Pada hari berikutnya, TNI atas memerintahkan Kepala BNPB saat itu mengambil APD dari produsen APD milik PT PPM di Kawasan Berikat, dan langsung mendistribusikan ke 10 provinsi dengan tidak dilengkapi dokumentasi, bukti pendukung dan surat pemesanan.
Pada 22 Maret 2020, Shin Dong Keun dan Satrio selaku Dirut PT EKI menandatangani kontrak kesepakatan sebagai Authorized Seller APD sebanyak 500.000 set dengan nilai tergantung nilai tukar dolar saat pemesanan.
Selanjutnya, 23 Maret 2020, PT PPM dan PT EKI menandatangani kontrak kerja sama distribusi APD dengan margin 18,5 persen yang diberikan kepada PT PPM. Selang satu hari, dalam rapat, Harmensyah selaku Kuasa Pengguna Anggaran (KPA) BNPB melakukan negosiasi harga APD dengan Satrio agar diturunkan dari harga US$60 menjadi US$50.
Penawaran tersebut tidak mengacu pada harga APD (merek yang sama) yang sebelumnya dibeli Kemenkes, yaitu sebesar Rp370.000 per unit.
“Dalam rapat juga kesimpulan PT PPM akan menagih pembayaran atas 170.000 set APD yang didistribusikan TNI dengan harga US$50/set (sekitar Rp700.000),” kata Ghufron.
Pada tanggal 25 Maret 2020, PT EKI dan PT YJ melakukan pemesanan 500.000 set APD dengan menyerahkan giro Rp113 miliar bertanggal 30 Maret 2020.
Dokumen kepabean dan dokumen lain sengaja menggunakan data PT PPM karena PT EKI tidak mempunyai izin penyaluran alat kesehatan, tidak memiliki gudang, dan Non PKP.

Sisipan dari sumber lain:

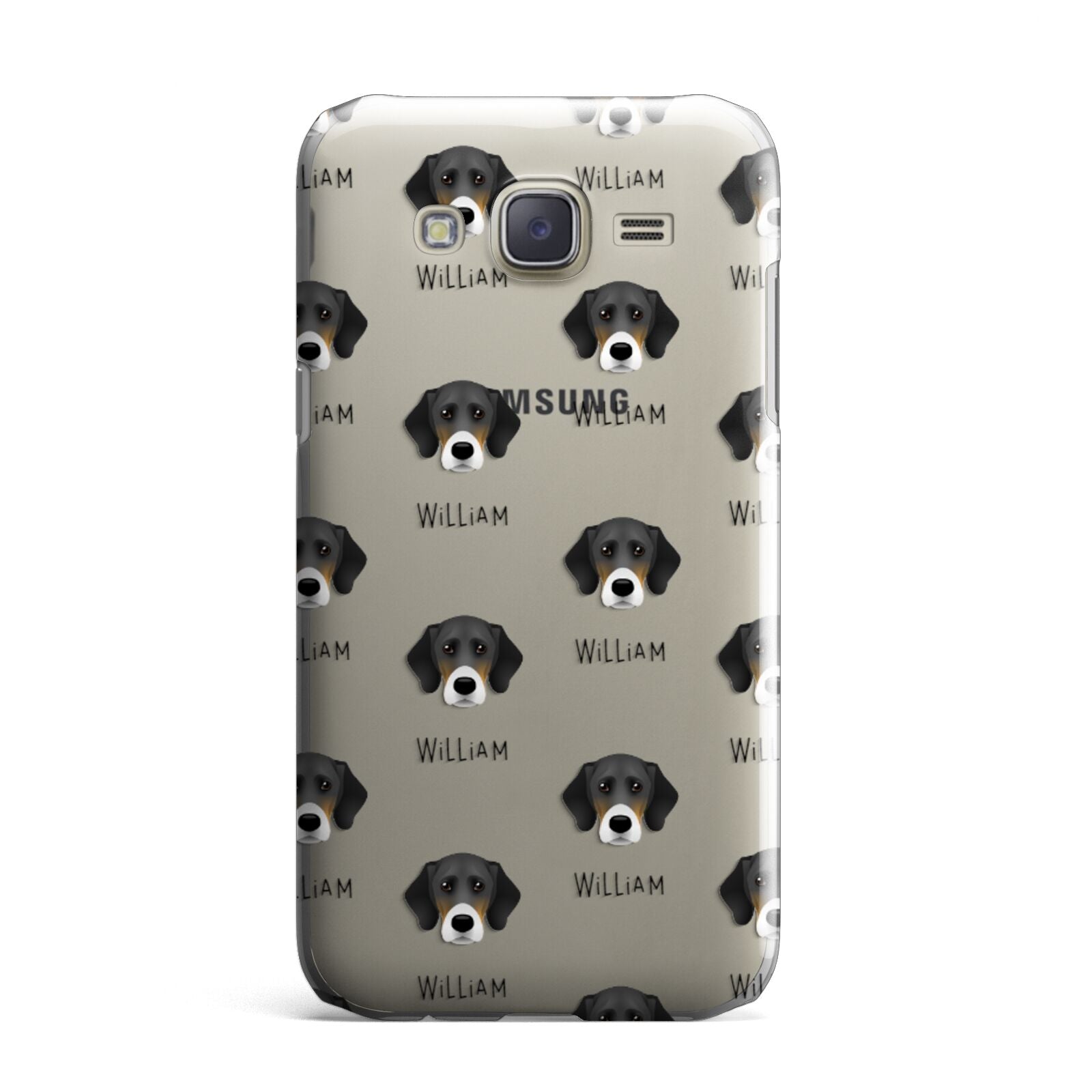 Bassador Icon with Name Samsung Galaxy J7 Case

“Pada tanggal 27 Maret 2020, SW (Satrio Wibowo) menghubungi Kepala BNPB pada saat itu, di antaranya untuk segera melakukan pembayaran terhadap 170.000 APD yang diambil TNI, dan meminta diberikan SPK dari BNPB agar sesuai dengan pengamanan bahan baku dari Korea,” kata Ghufron.
Pembayaran pertama sebesar Rp10 miliar dilakukan pada 27 Maret 2020 dari Bendahara BNPB ke Rekening BNI PT PPM, di mana pada saat itu belum ada kontrak ataupun surat pesanan.
Pembayaran kedua sebesar Rp109 miliar dilakukan pada tanggal 28 Maret 2020 dari PPK Puskris Kemenkes kepada Rekening BNI PT PPM.
Di sisi lain, Harmensyah baru menunjuk Budi sebagai PPK untuk pengadaan APD di Kemenkes pada 28 Maret 2020. Sedangkan Surat Keputusan Penunjukan tersebut dibuat mundur tanggal alias tanggal mundur tertanggal 27 Maret 2020.
Pada rapat itu juga diterbitkan Surat Pesanan APDdari Kemenkes kepada PT PPM sejumlah 5.000.000 set dengan harga satuan US$48,4 yang ditandatangani oleh Budi, Ahmad Taufik dan Satrio.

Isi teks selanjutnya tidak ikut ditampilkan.